Canon EOS Rebel T1i DSLR Camera Review
Features and Technology
One of the upgrades in the Rebel T1i from previous consumer-grade models is the DIGIC 4 Imaging Processor which provides faster processing of fine detail and natural color reproduction and 14-bit analog-to-digital conversion for smooth color tones and less risk of banding. Canon claims this processor also speeds up camera operations.
The DIGIC 4 Imaging Processor works in combination with the EOS Rebel T1i's CMOS (complementary metal oxide semiconductor, ie: all digital) sensor to give you the best possible clarity and tonal range in your images. The CMOS sensor used in the Rebel T1i uses many of the same technologies that you'll find in Canon's professional cameras. Unlike professional cameras though, the Rebel T1i has an APS-C size sensor which creates an effective 1.6x field of view (compared to 35mm format). This 1.6x conversion factor is common in all of Canon's consumer-grade DSLRs. Nikon has a similar conversion factor in its consumer-grade DSLRs.
Obviously another highly touted feature of the Rebel T1i is its ability to capture full HD video at 1920 x 1080 resolution. The Rebel T1i's frame rate of 20fps at 1080p is a bit disappointing, but it's not completely unusable. Some users may also prefer to use this mode as a high-speed continuous shooting mode rather than a video mode. Although each individual frame may only be the equivalent of a 2 megapixel image, 20fps is certainly a very fast burst rate. Realistically speaking, however, most users will treat the Rebel T1i as a 720p model since that's where you're going to get the best quality video at a much more fluid 30fps.
The video capture mode uses the Rebel T1i's Live View function and the Picture Style that has been selected for Live View still image shooting. If you adjust image sharpness, contrast, color saturation, or white balance on the camera, the same settings will apply to the movie image as well. Video clips are limited to 4GB per clip. Depending on the complexity of the video you are capturing, Canon says this limit is equivalent to about 12 minutes of Full HD video, 18 minutes of 720p HD video, or 24 minutes of SD video. There's a small monaural microphone on the front of the camera that records sound. Video clips are recorded in .MOV format using an MPEG-4 video compression and sound is recorded using linear PCM without compression. After you've captured videos, you can show them off on a HDTV using the camera's built-in HDMI output.

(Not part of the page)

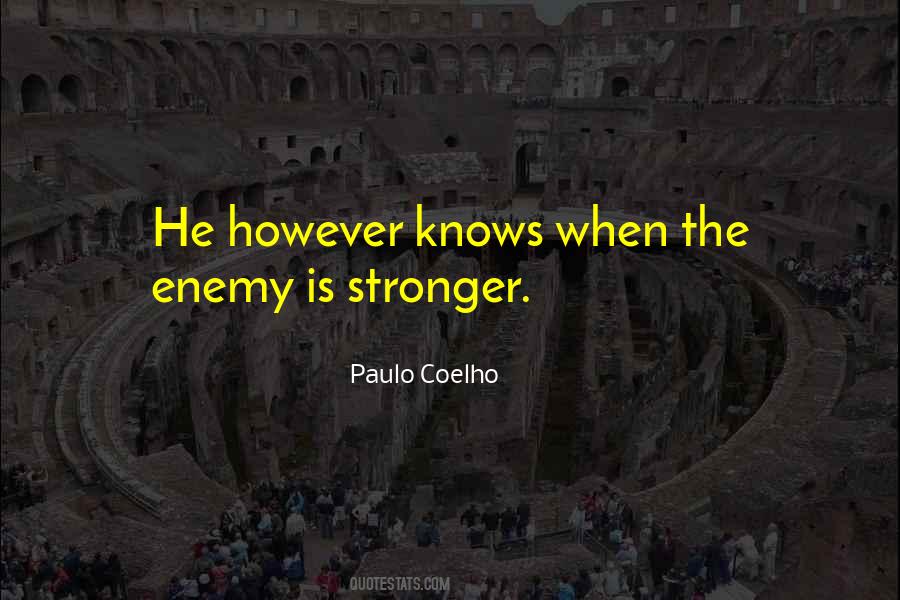 The Enemy Quotes #1668379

In addition to the ability to review images and video on an HDTV, the Rebel T1i provides a 3-inch Clear View LCD with 920,000 dots/VGA resolution on the back of the camera. For added protection, the LCD also has anti-reflective and scratch-resistant coatings. This LCD is the same screen found on Canon's professional models such as the EOS 5D Mark II and an improvement from the screens found on previous Rebel models.
The Rebel T1i's continuous shooting option at 3.4 fps is pretty much on-par with what we expect for cameras in this space. If you use a class 6 or higher SD or SDHC memory card, Canon claims you'll be able to capture up to 170 large/fine JPEG images or up to nine RAW images in a single burst.
Other enhancements to the Rebel T1i include the Auto Lighting Optimizer that can lighten dark areas of a scene while keeping the correct tonal detail in bright areas. The camera also supports a wide ISO range from 100-3200 with ISO expansion options of 6400 and 12800. To help combat noise in these higher ISO ranges, the DIGIC 4 Image Processor incorporates noise-reduction technology.
Finally, to help improve the Rebel T1i's resistance to dust, Canon included its popular EOS Integrated Cleaning System. Canon also upgraded the Self-Cleaning Sensor Unit for the Rebel T1i with a fluorine coating on the low-pass filter.